延享2年落成した一切経堂は観音堂と共に焼失、天保14年(1843)観音堂の再建と共に再建なる。

中央に祀る中国の道士中央に祀る中国の道士の傳大士と、俗に笑仏と呼んでいる二人の子、普成、普建の親子三人像で、後に鉄眼版の一切経が和綴じ仕様で納められています。

一切経堂
 
傳大士
 

永年の立木の根の影響か、基礎石が動いて壁が崩れ、お堂全体の傷みも激しく、来年の観音堂創建1200年記念事業として修復予定です。

 

弘法大師堂

昭和59年(1984)に真言宗を開かれた弘法大師のご生誕1200年を記念して建立、落慶慶讃法要が行われました。

弘法大師は名を空海と申され、中国より多くの経典や書物を持ち帰り、書道や文章に秀でて辞書を創り、民間学校を開き、仏像や仏画、堂塔の造営を指導し、宗教のみならず、文化・芸術・土木建築など多方面に活躍して、日本文化に大きく貢献をされました。

弘法大師堂

弘法大師堂

弘法大師の霊場である高野山や四国霊場をお参りできれば良いのですが、今その機会に恵まれない方の為にと前住職清昭和上が高野山と四国八十八カ所を巡拝し、持ち帰った聖地の石を堂内のご宝前に巡らしております。

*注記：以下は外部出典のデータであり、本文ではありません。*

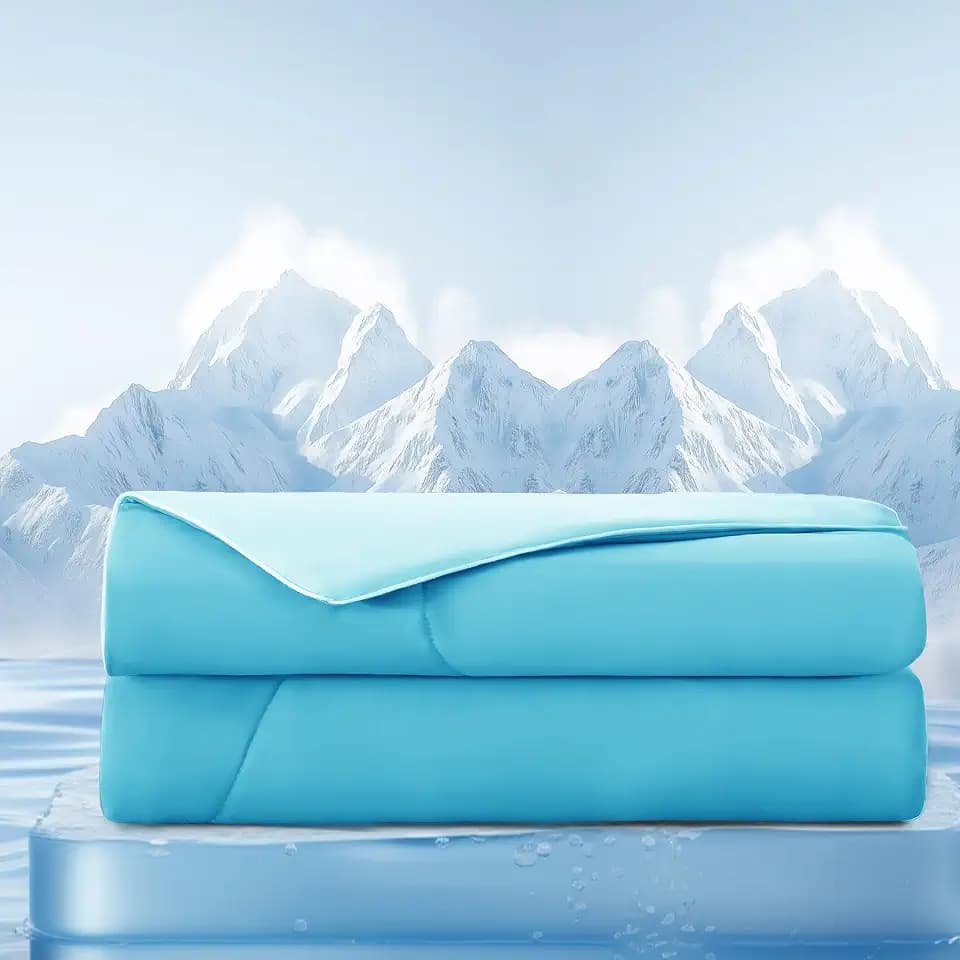 Moonrite Cooling Blanket Twin Size, Q-max > 0.45 Japanese Arc-chill Cooling Comforter for Hot Sleepers, Silky Soft Breathable Cool Blanket fot Summer Night Sweats,Blue,68x88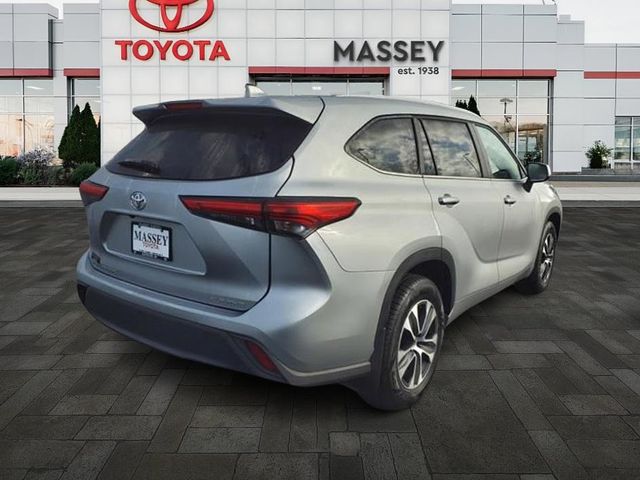 2023 Toyota Highlander XLE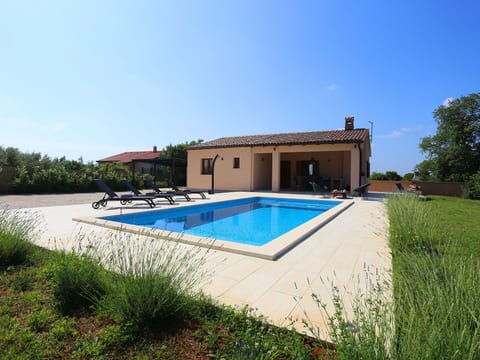 Haus Nina mit beheiztem Schwimmbad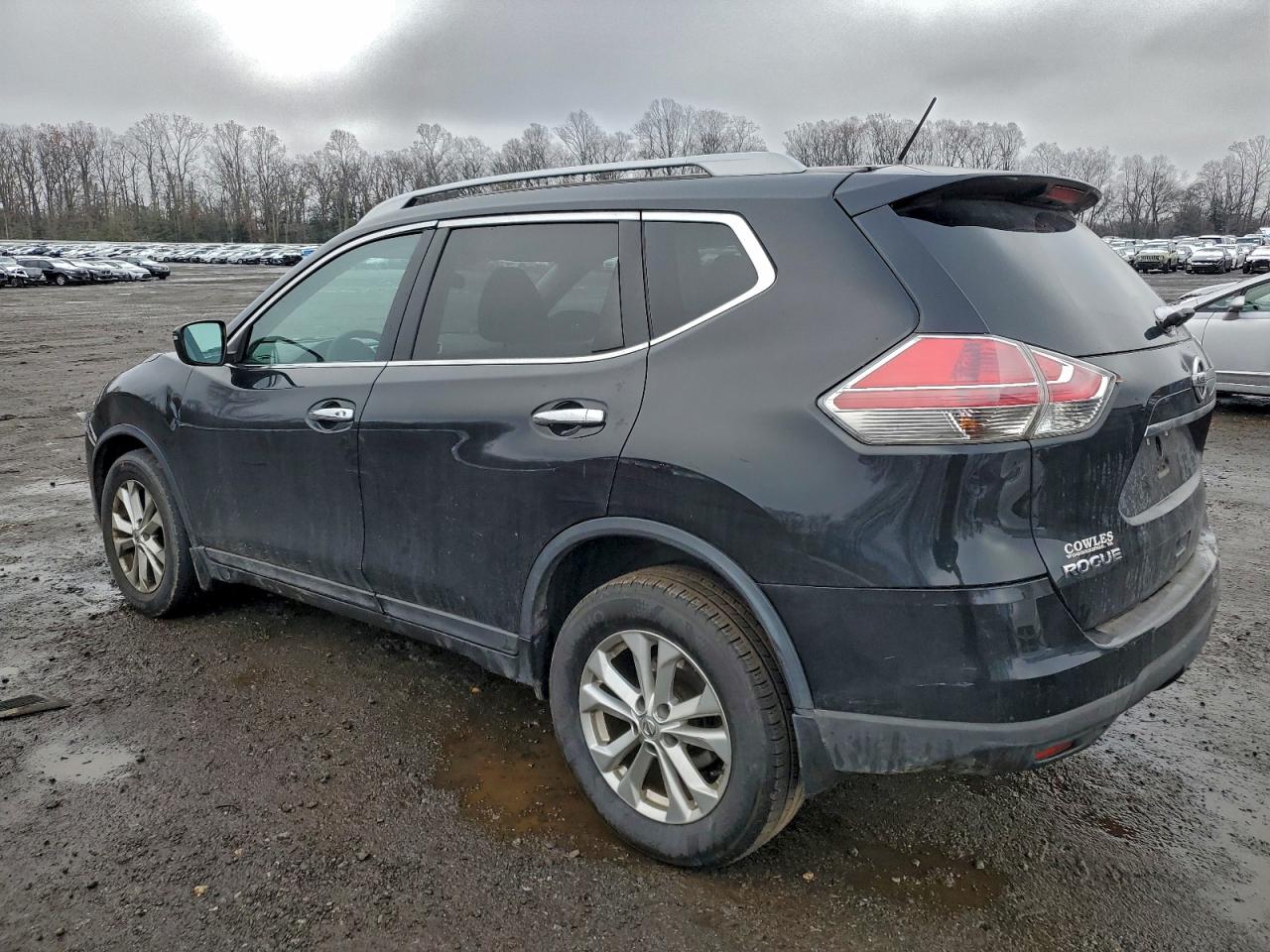 Nissan Rogue S Image 5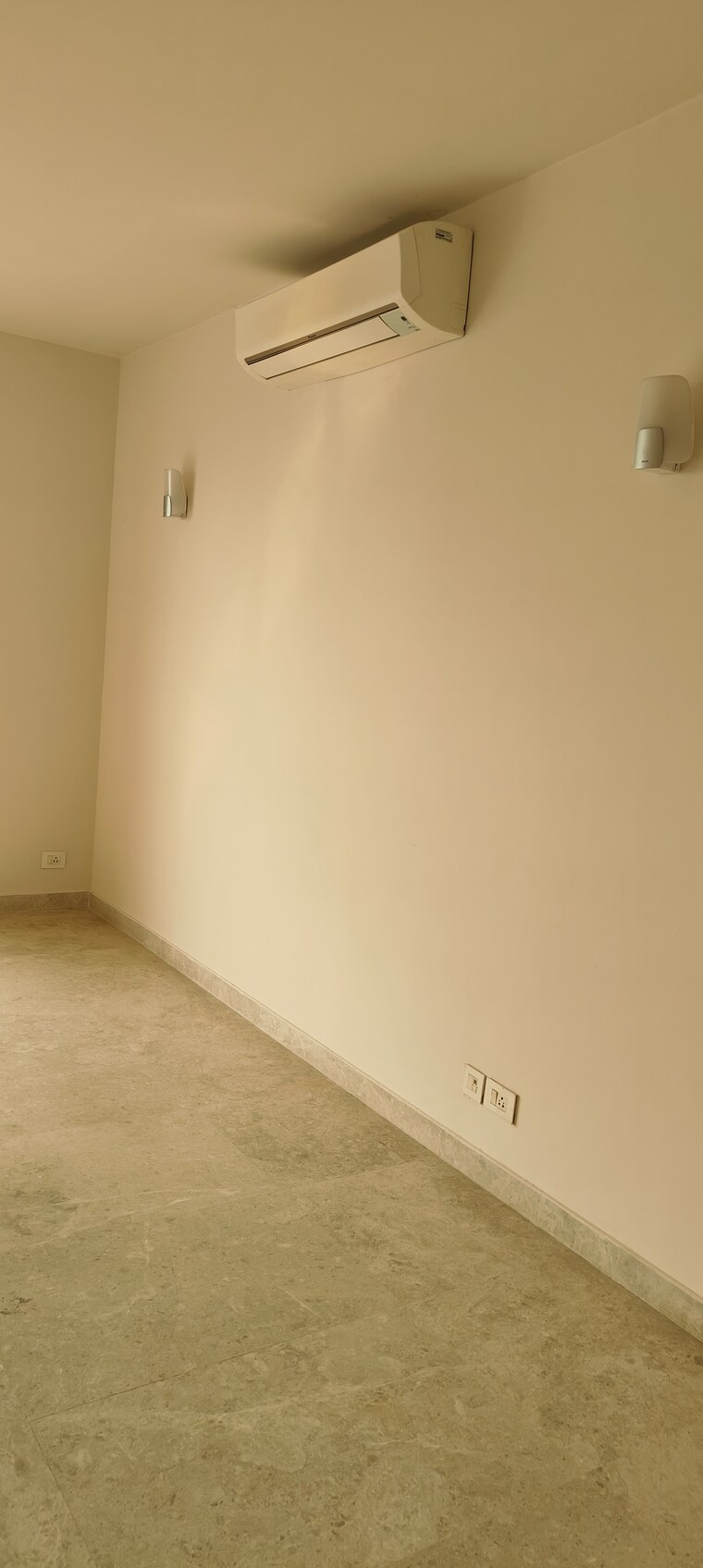 Room, ireo-the-corridors 3 Bedroom 1852 Sq.Ft. Apartment In Sector 67a Gurgaon 9394612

「後の信徒たちよ、私の現存の姿を見ていなくても形像を見るたびに私に会っている思い、教えを聞くたびに私の声を聞くと思えば、私は智慧と精神統一の力をもって、その思いをすくい取って、けして見過ごしはしない」と申されます。

お堂が開いている時は、直に弘法大師の聖地に立つと念じつつ各石の上を踏んで巡って頂けましたら、きっと弘法大師のお徳に触れることができますこと疑い有りません。

三重の塔

杉林の中にたたずむ5メートルの石造り、宝暦7年(1757)に建立されました。

一番下の階には五輪塔が2基、中の階には大日如来と四仏、最上階には摩尼宝珠がそれぞれ安置されています。

永年の重さに堪えた、観音様参道の敷石に使われた赤色の石が下地として埋められたと、以前はこの塔を廻るとお産が軽くなるという方もいらっしゃいました。

三重の塔

摩尼殿(幸徳院本坊)

摩尼殿(幸徳院本坊)

平成3年(1991)に老朽により再建されました。

ご本尊の大日如来は隣寺の長厳寺が廃寺になってより、一時諸仏の大日堂に移り、後に本坊のご本尊として祀られました。

併設された位牌堂のご本尊、釈迦如来も長厳寺より移られた仏様で、藤原末期から鎌倉初期にかけて地方仏師により刻まれたとする木造一木造りで、幸徳院檀徒のご先祖様をお守りされています。

大宮子易明神

1メートル四方の小さな石宮で、大宮・子易の両大明神を祀ります。

安産や子育てに御利益があると特に女の方達がお参りされます。

嘉永6年(1853)に建立され、後に明治36年(1903)門前の講中により再建されました。

前のお宮も再建のお宮も、石工は門前の原田五郎左衛門家が務めました。

大宮子易明神

厳清龍王

厳清龍王

厳島神社の孫にあたる分霊の神様。
東京中野の中山辰子女史が厳清龍王と名付け、観音堂南の放生池の中に勧請されました。

放生池は魚などの捕らえられた生き物を逃がして、その善い行いの功徳で願い事の成就や罪を滅するための池です。昔は目が良くなるようにとドジョウを放すために、門前でドジョウを売る人がいました。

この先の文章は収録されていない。